Delia, now in her sixties, married an Irishman long ago and moved away, but she is visiting London and gives a party for her family. All the surviving characters gather for the reunion.

==1880 in The Pargiters==

The draft written in 1932 and published in The Pargiters (see above) is in many respects the same as the finished "1880" section of The Years. However, Woolf made a number of significant alterations and provided a family tree with specific birth dates for the characters, many of whose ages are only implied in the finished novel. This diagram lists Colonel Pargiter as dying in 1893, while in the novel he survives till 1910, so the birth dates may not be definitive either. Editor Mitchell Leaska notes that, when figuring out the ages of the characters by sums jotted in the margins of the draft, Woolf makes a number of errors in arithmetic, a problem that also afflicts Eleanor in the novel.

- First Essay A version of the lecture that inspired the novel, the opening essay is addressed to an imaginary live audience. It describes a multi-volume novel in progress, called The Pargiters, which purports to trace the history of the family from the year 1800 to 2032. The family is described as "English life at its most normal, most typical, and most representative".
- First Chapter Begins with the heading "Chapter Fifty-Six," going along with the conceit that it is an extract from an existing longer novel. Similar to the scene that introduces the Pargiter children in the novel.
- Second Essay Discusses the reasons for the Pargiter daughters' idleness and lack of education, including the social strictures that stifle the girls' sexual impulses and cause the musically talented Delia to neglect her violin.
- Second Chapter Similar to the passages in the novel describing Rose's trip to the toy store, but dwells in more detail on the shock of the attack and Rose's fear and guilt later that night.
- Third Essay Refers to the attempted sexual assault on Rose as "one of the many kinds of love" and notes that it "raged everywhere outside the drawing room" but was never mentioned in the work of Victorian novelists. Discusses the way the assault strains Rose's relationship with her brother Martin (in this draft called "Bobby") and his greater freedom in sexual matters. Briefly introduces a suffragette character, Nora Graham.

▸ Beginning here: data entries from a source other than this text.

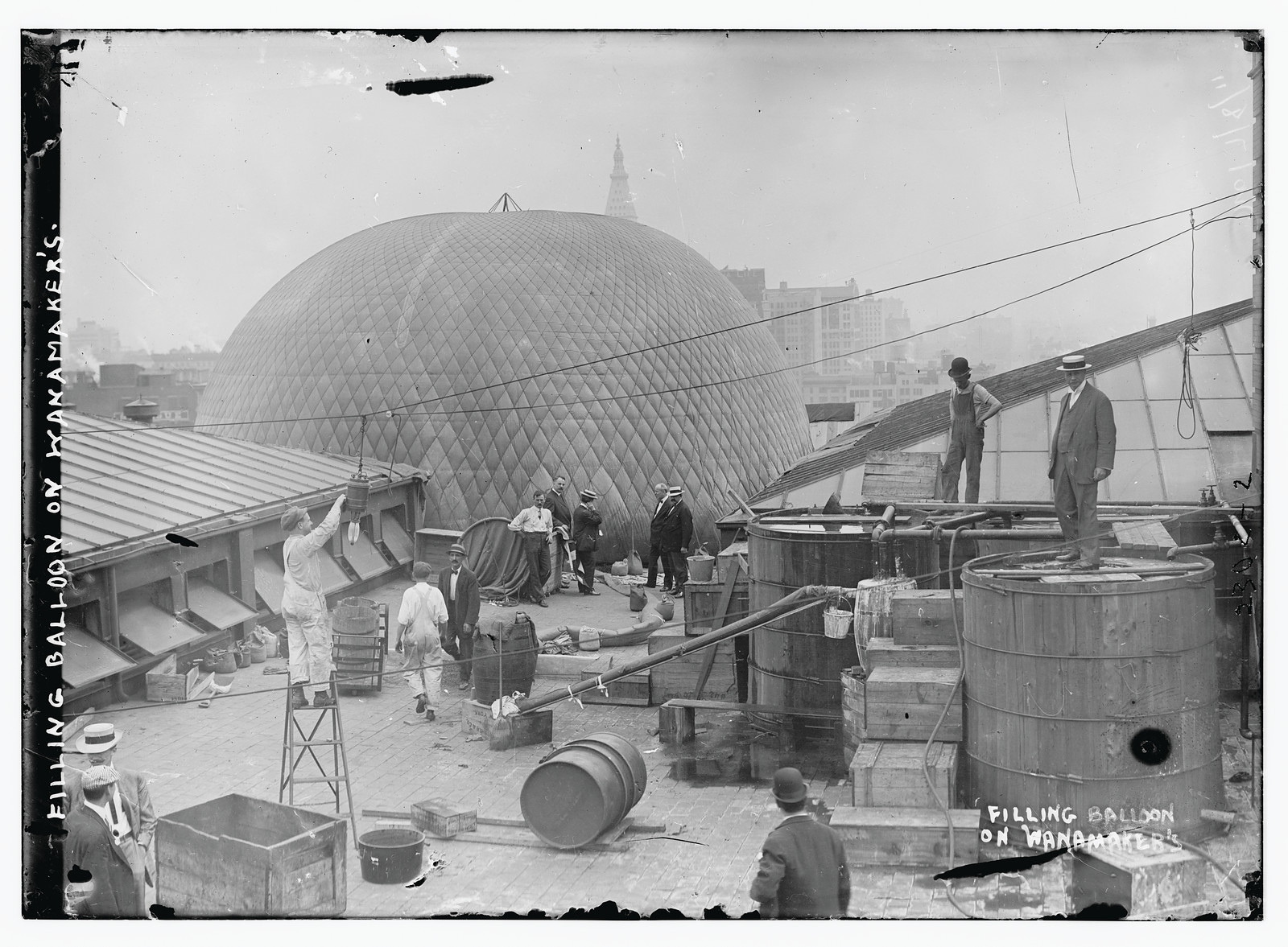 Filling balloon on Wanamaker's, n/a — historic photograph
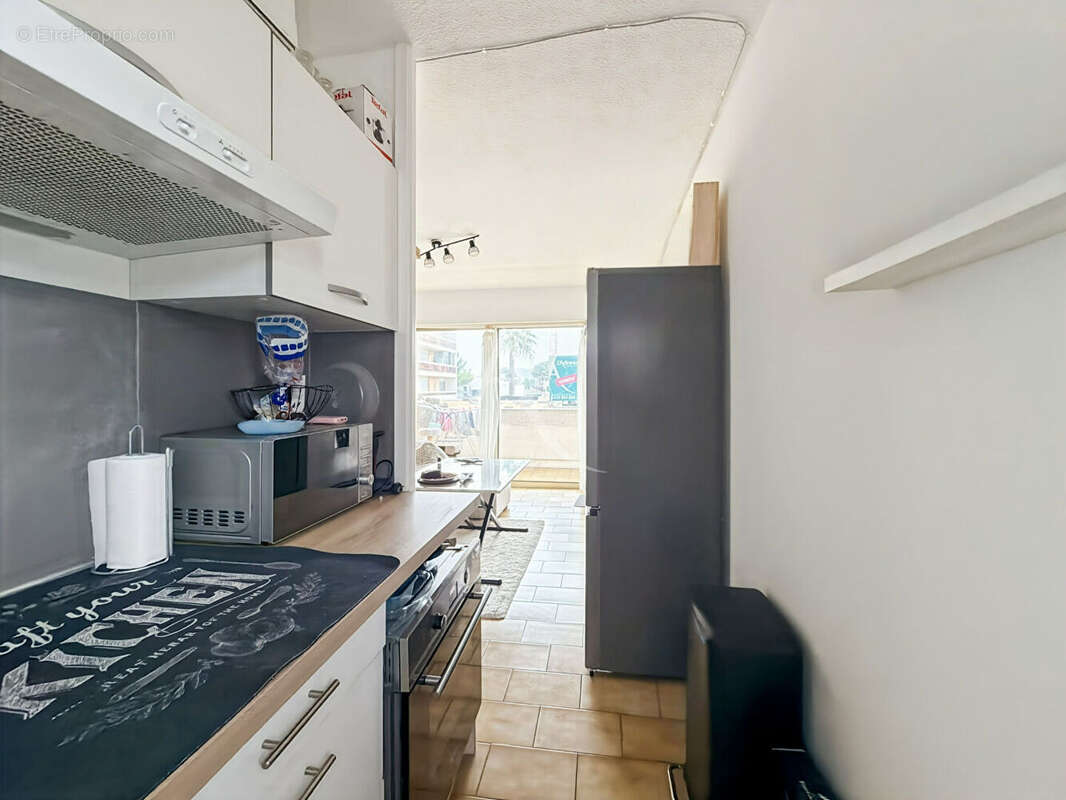 Appartement Le Cannet 1 pièce 27.41 m2 terrasse ouest cave commerces - photo 10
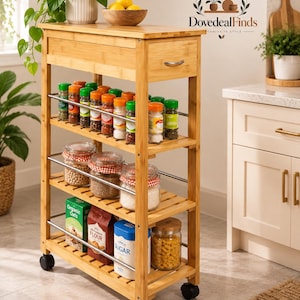 May include: A tall, narrow bamboo kitchen storage trolley on four black wheels. It features a top drawer with a silver handle and three open shelves with silver metal rails. The shelves hold various spice jars, glass canisters, and food boxes.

- Third Chapter Similar to Edward's Oxford scene in the finished novel. In a deleted passage, Edward imagines Antigone and Kitty fused into a single glamorous figure and struggles with the urge to masturbate, writing a poem in Greek to calm down. Edward's friend Ashley is called "Jasper Jevons" in this version.

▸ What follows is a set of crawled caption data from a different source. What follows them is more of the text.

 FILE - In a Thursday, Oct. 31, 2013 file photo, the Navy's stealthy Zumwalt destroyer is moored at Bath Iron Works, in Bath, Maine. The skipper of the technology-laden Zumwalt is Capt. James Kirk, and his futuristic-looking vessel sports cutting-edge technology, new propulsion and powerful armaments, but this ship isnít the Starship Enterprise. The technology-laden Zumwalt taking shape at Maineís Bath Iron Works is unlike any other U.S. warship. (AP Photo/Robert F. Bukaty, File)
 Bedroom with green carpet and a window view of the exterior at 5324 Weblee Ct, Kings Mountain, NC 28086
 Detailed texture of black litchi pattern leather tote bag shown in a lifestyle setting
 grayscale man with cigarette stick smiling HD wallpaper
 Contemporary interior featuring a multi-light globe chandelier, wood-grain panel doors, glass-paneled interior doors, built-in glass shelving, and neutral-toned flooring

- Fourth Essay Describes the centuries-long tradition of all-male education at Oxford and its influence on Edward's sexual life, contrasted with the limited education available to women. Here Ashley/Jevons is called "Tony Ashton," and once in the following chapter Tony Ashton is called "Tony Ashley," suggesting that these various names originally referred to a single character in Woolf's mind. It is specified that Edward and Kitty's mothers are cousins, a relationship left unstated in the novel.
- Fourth Chapter Similar to Kitty's introductory scenes in the novel. There is more detail on her dislike for (and sympathy with) Tony Ashton's effeminacy. It's revealed that Kitty's mother comes of Yorkshire farming stock, and Kitty recalls with pleasure being kissed under a haystack by a farmer's son.

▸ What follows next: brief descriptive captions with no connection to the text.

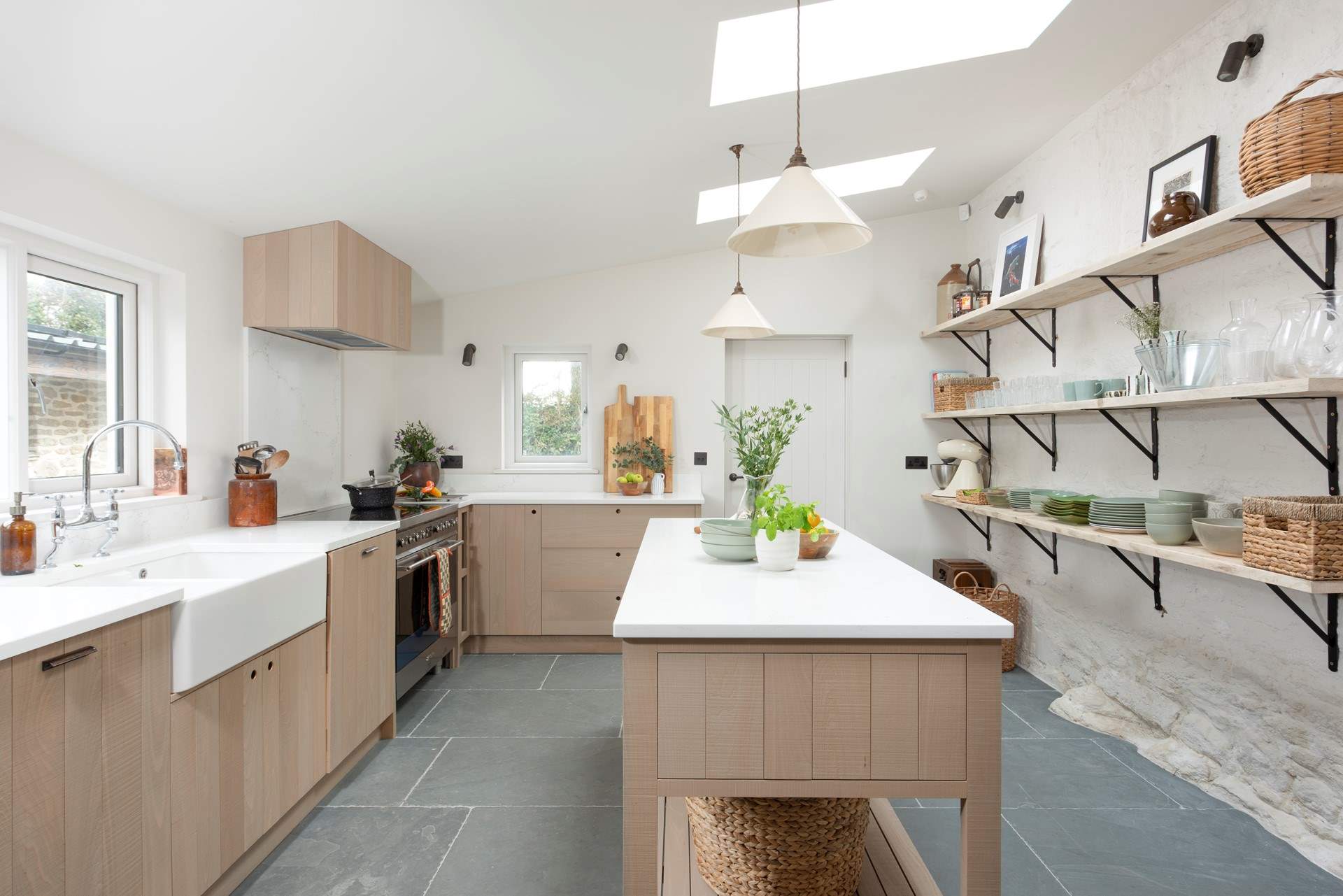 The bespoke kitchen is luxurious and refined.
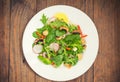 Fresh spring salad with radish, Mizuno, mushrooms grilled, Adygei cheese, spinach, bell pepper, lemon, corn. Wooden background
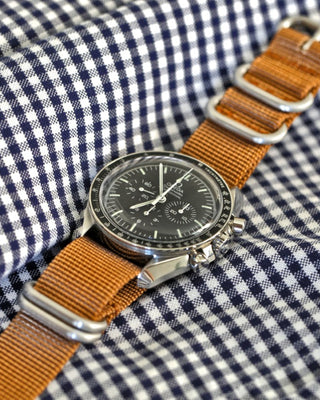 omega speedmaster pro watch on a nylon watch band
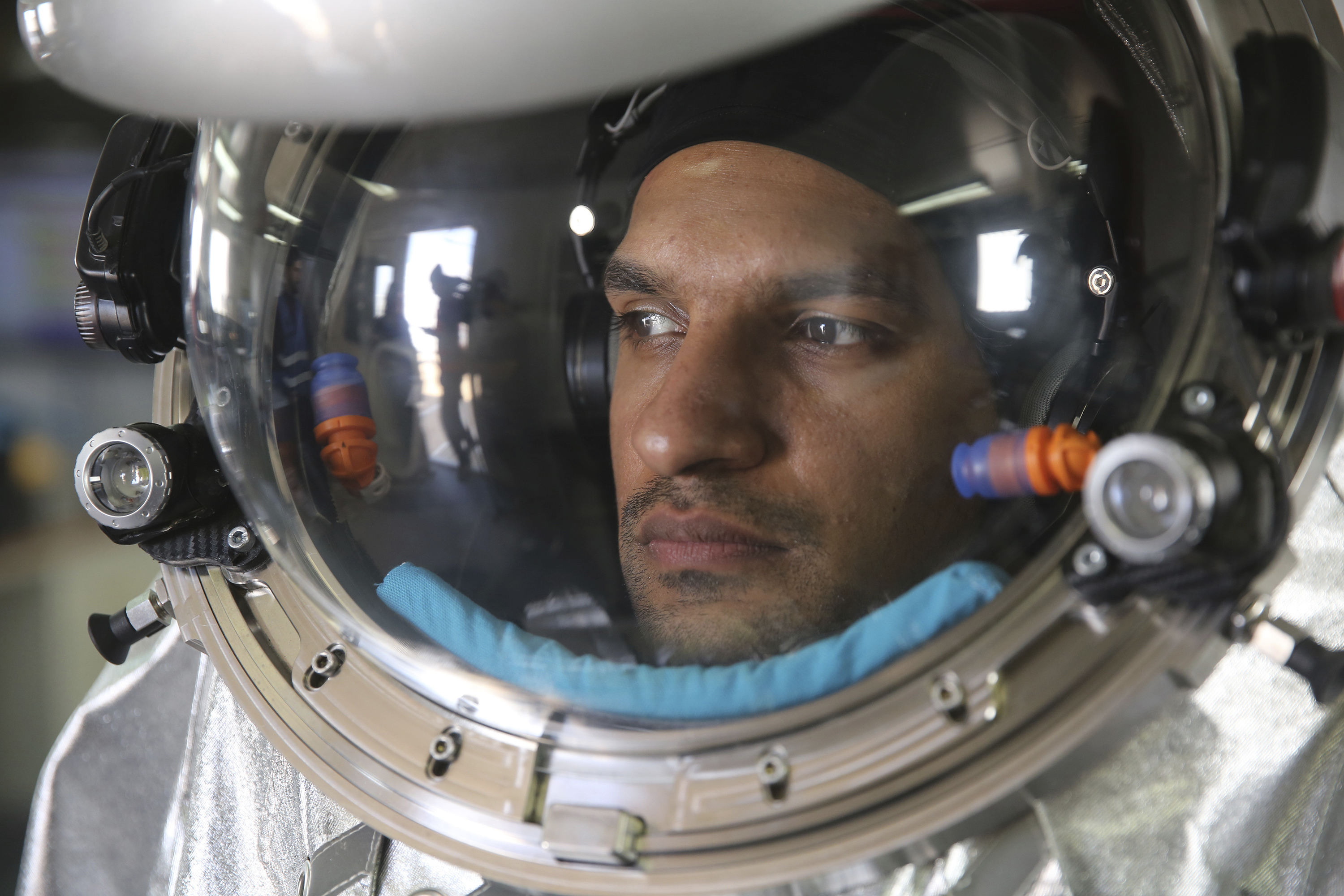 Analogue astronaut Kartik Kumar wearing an experimental space suit during a simulation of a future Mars mission in the Dhofar desert of southern Oman (Sam McNeil/AP)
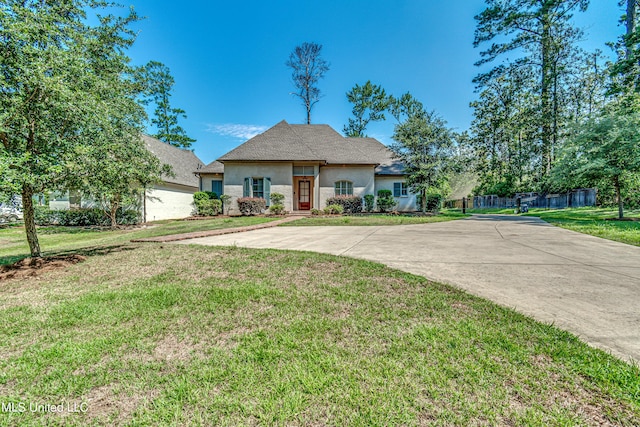 2024 E Northside Dr, Jackson, MS 39211 - view of front of house featuring stucco siding, a front lawn, fence, and a shingled roof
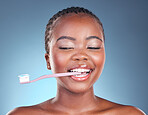 Happy black woman, toothbrush and teeth in dental cleaning or care against a studio background. Face of African female person smile in morning routine tooth whitening, oral or mouth and gum hygiene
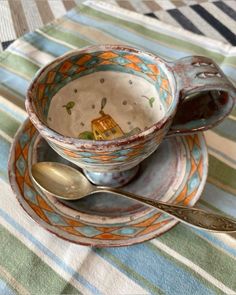 a cup and saucer with spoons sitting on a striped tableclothed place mat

- Fifth Essay More detail on Kitty's awkward closeness with her teacher Lucy Craddock, Miss Craddock's own frustrated academic hopes, and the reaction of male academics to intellectual women. Miss Craddock has another less pretty and more studious pupil named Nelly Hughes, of the family who in the novel are called "the Robsons."
- Fifth Chapter Similar to the scene of Kitty's visit to the Robsons (here changed from "the Hughes" to "the Brooks"), who are determined that Nelly will succeed academically. Kitty enjoys sharing Yorkshire roots with the mother, and more detail is given on her attraction to the son of the family. The chapter ends with Kitty determined to leave Oxford and become a farmer's wife.
- Sixth Essay Discusses the genteel feminine ideal to which Kitty and her mother must aspire, and contrasts it with the sincere respect for women of the working-class Mr. Brook. Ends in praise of Joseph Wright, a real-life scholar whose collaboration with his wife Woolf admired.